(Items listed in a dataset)
────────
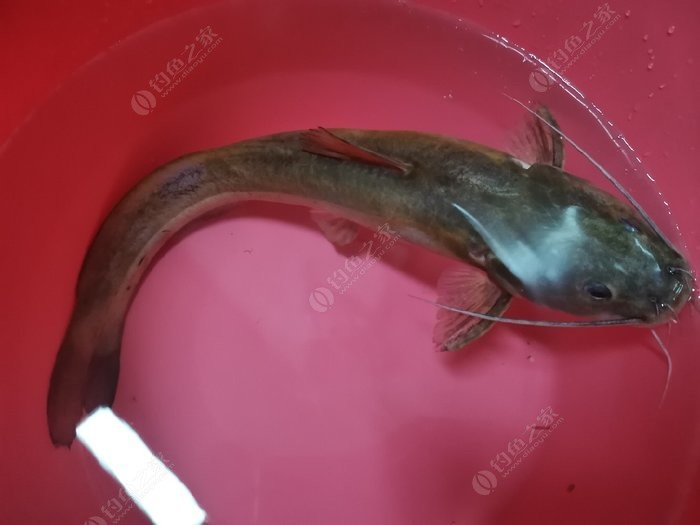 意外钓到不知名鱼有人说是牛尾巴湖南湘江河里也有这种鱼吗
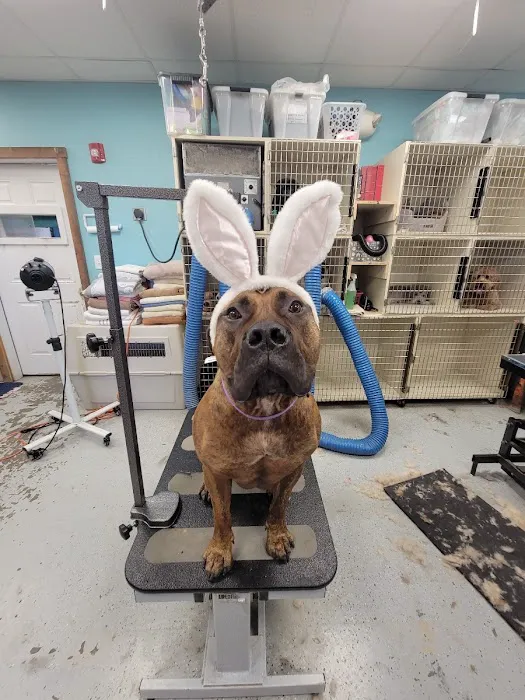 New England Veterinary Clinic & Pet Resort Picture 7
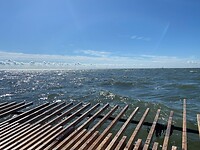IMG_7243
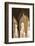 Spain, Andalusia, Granada. the Alhambra. Ornate Arches Inside the Alhambra-Matteo Colombo-Framed Photographic Print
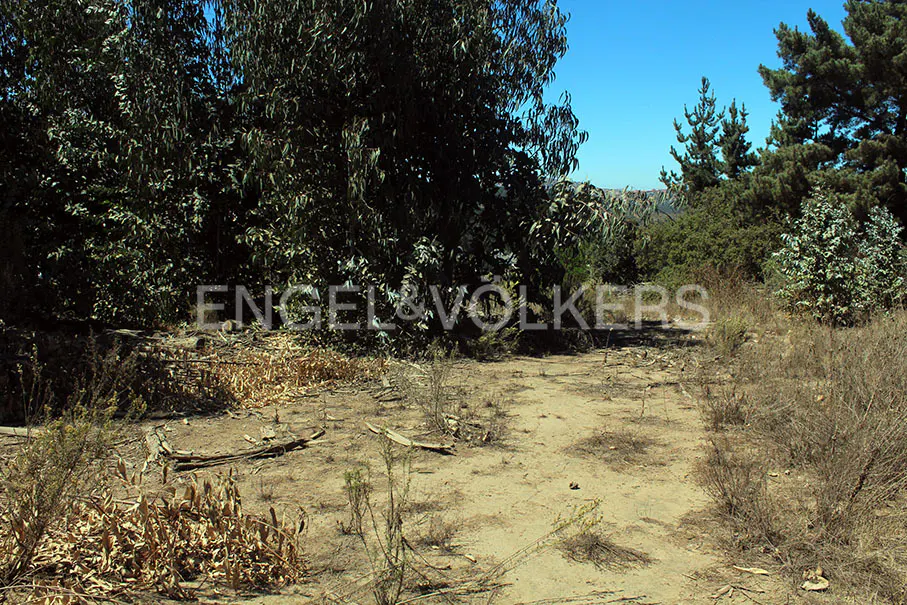 Vacant lot with dirt ground, surrounded by trees and bushes under a blue sky. Engel & Volkers logo is superimposed on the image.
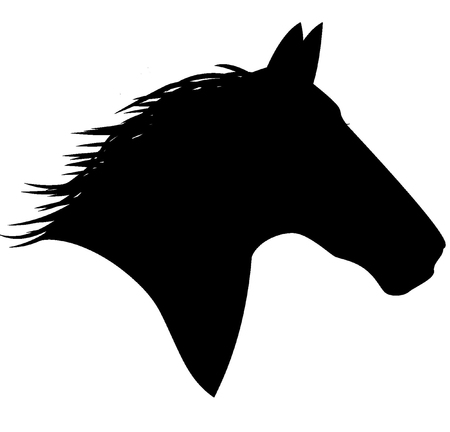 Detail Pferdekopf Silhouette Nomer 13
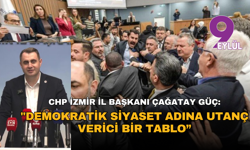 Güç: "Demokratik siyaset adına utanç verici bir tablo”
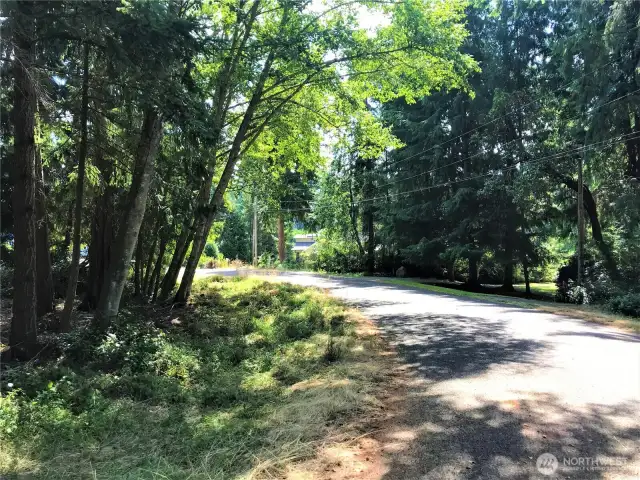 Secluded Lake Side Road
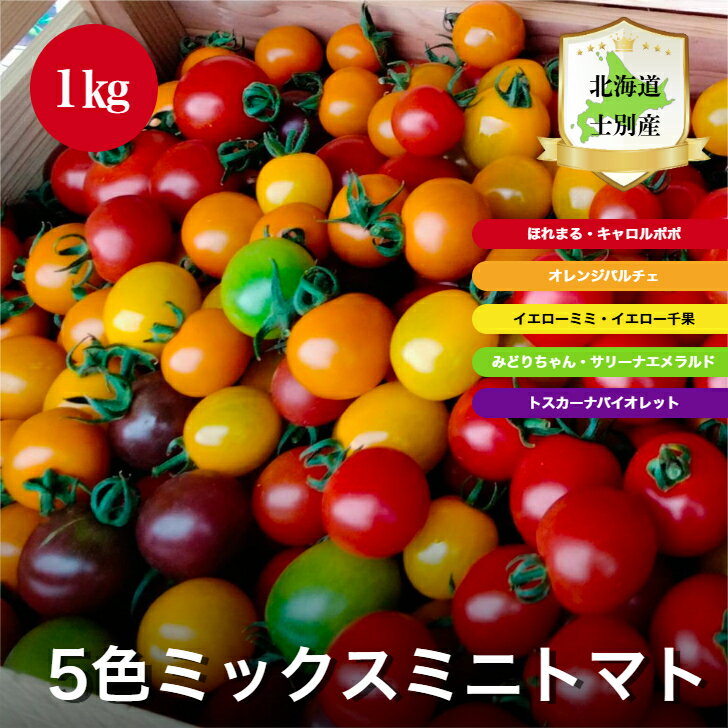 【5色ミックスミニトマト 1kg】北海道 士別 トマト 美味しい 低農薬 ランダム ほれ...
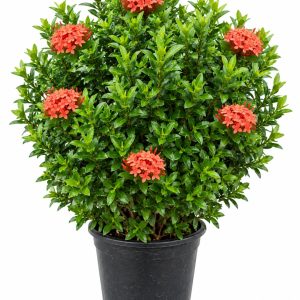 ixora coccinea Big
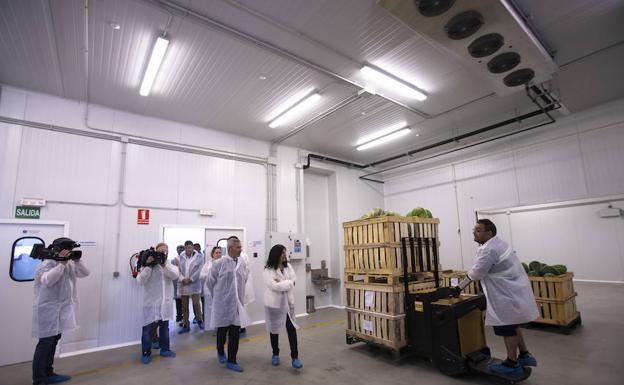 El puerto de Motril contará con más inspectores sanitarios y una estructura propia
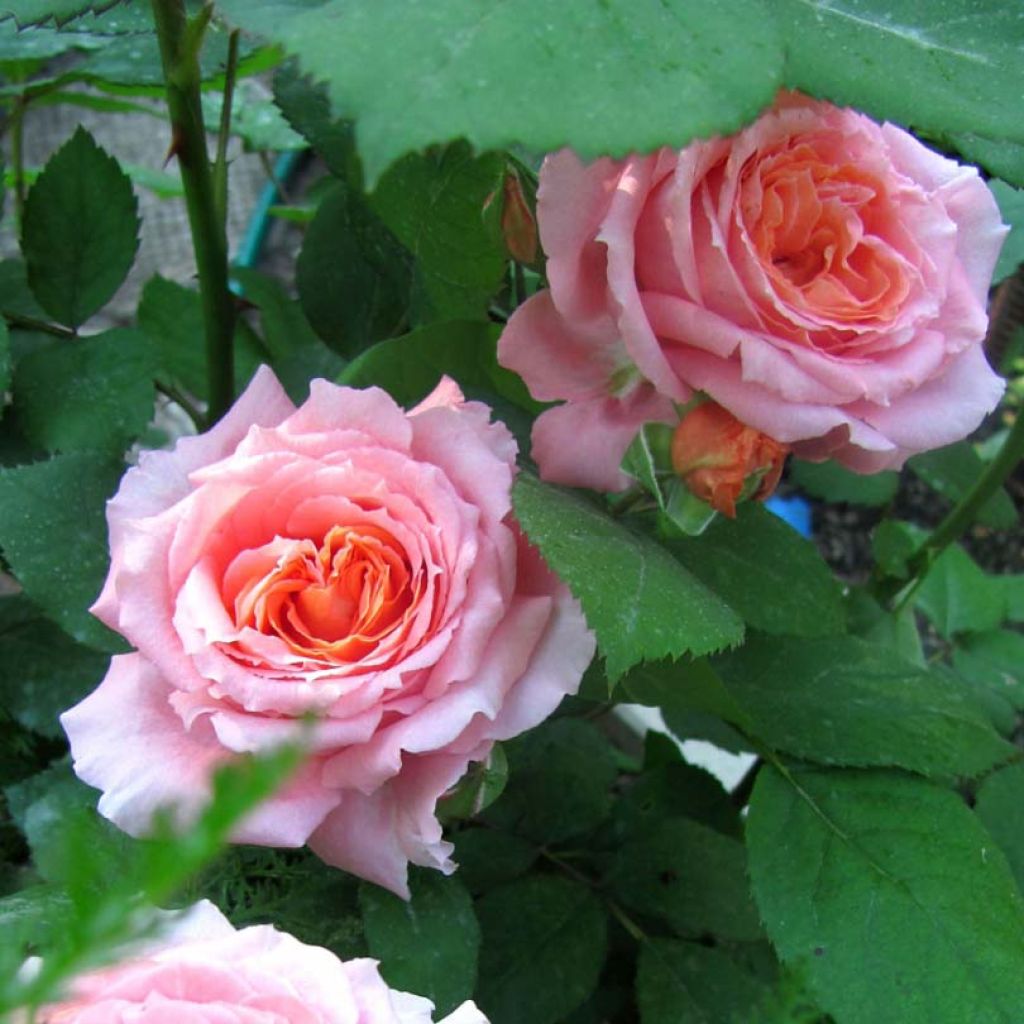 Rosa Generosa - 'Institut Lumière' 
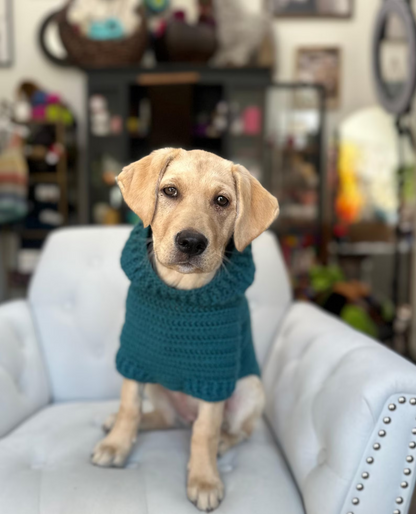 Easy Dog Hoodie Crochet Pattern
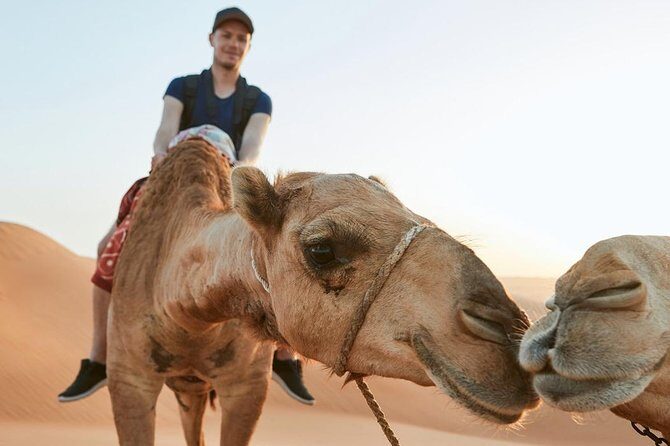 Dubai Desert Trail: Guided Quad/Polaris ATV & Red Dunes Safari - The Itinerary in Detail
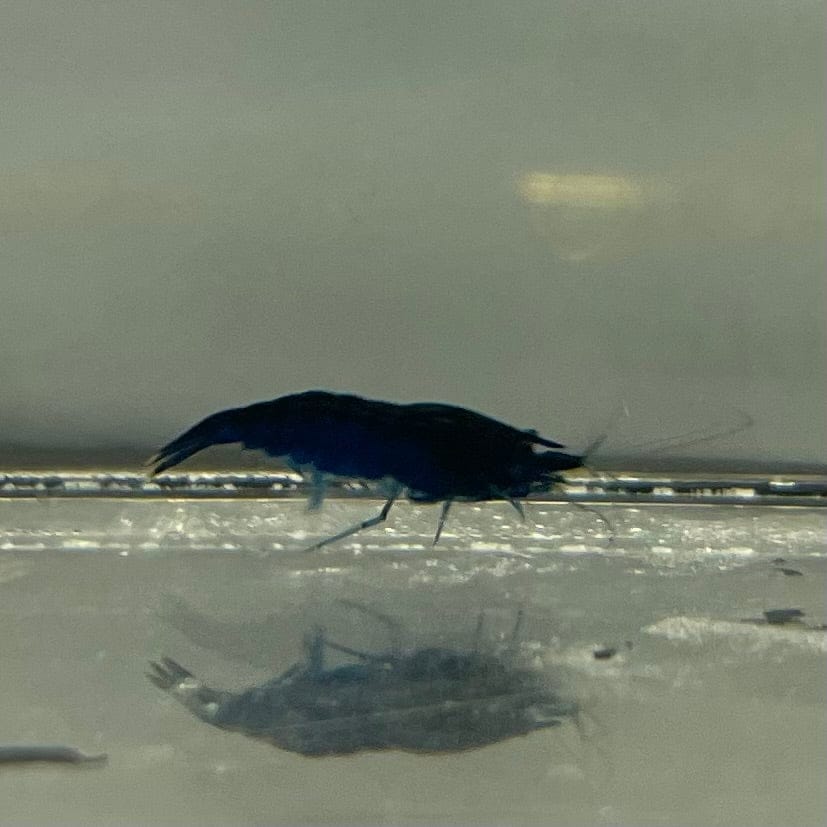 Pisces Aquatics Shrimp Blue Diamond Cherry Shrimp - Neocaridina davidi (1-2cm) Buy Blue Diamond Cherry Shrimp - Neocaridina davidi (1-2cm)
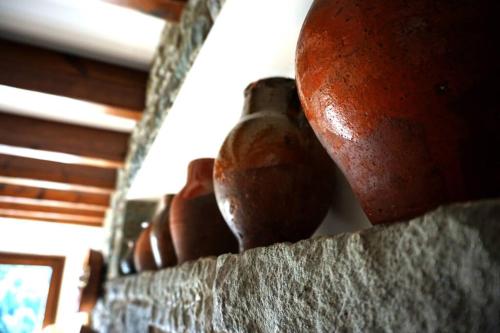 CAN REXACH CAN REXACH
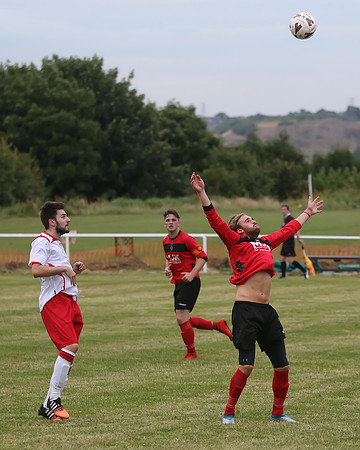 3306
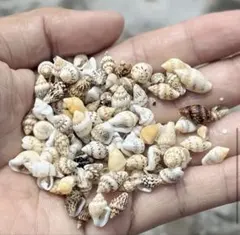 小さな貝殻セット 約300個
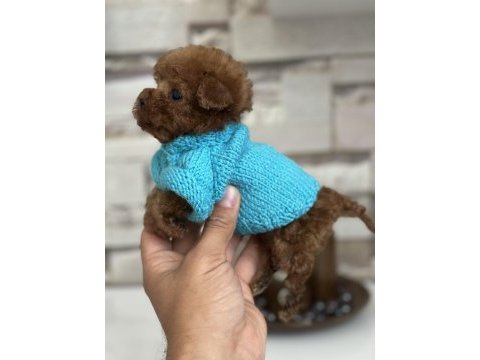 Minik tea cup kore poodle bebekler için ulaşabilirsiniz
────────
* _AIM OF THE EXERCISE_:
An exact copy of the lines from the one with "Detail Pferdekopf Silhouette Nomer 13" through the last line of the records, inclusive, is required, with all pictures left out.

* _THE ANSWER_:
 Detail Pferdekopf Silhouette Nomer 13
 Güç: "Demokratik siyaset adına utanç verici bir tablo”
 Secluded Lake Side Road
 【5色ミックスミニトマト 1kg】北海道 士別 トマト 美味しい 低農薬 ランダム ほれ...
 ixora coccinea Big
 El puerto de Motril contará con más inspectores sanitarios y una estructura propia
 Rosa Generosa - 'Institut Lumière' 
 Easy Dog Hoodie Crochet Pattern
 Dubai Desert Trail: Guided Quad/Polaris ATV & Red Dunes Safari - The Itinerary in Detail
 Pisces Aquatics Shrimp Blue Diamond Cherry Shrimp - Neocaridina davidi (1-2cm) Buy Blue Diamond Cherry Shrimp - Neocaridina davidi (1-2cm)
 CAN REXACH CAN REXACH
 3306
 小さな貝殻セット 約300個
 Minik tea cup kore poodle bebekler için ulaşabilirsiniz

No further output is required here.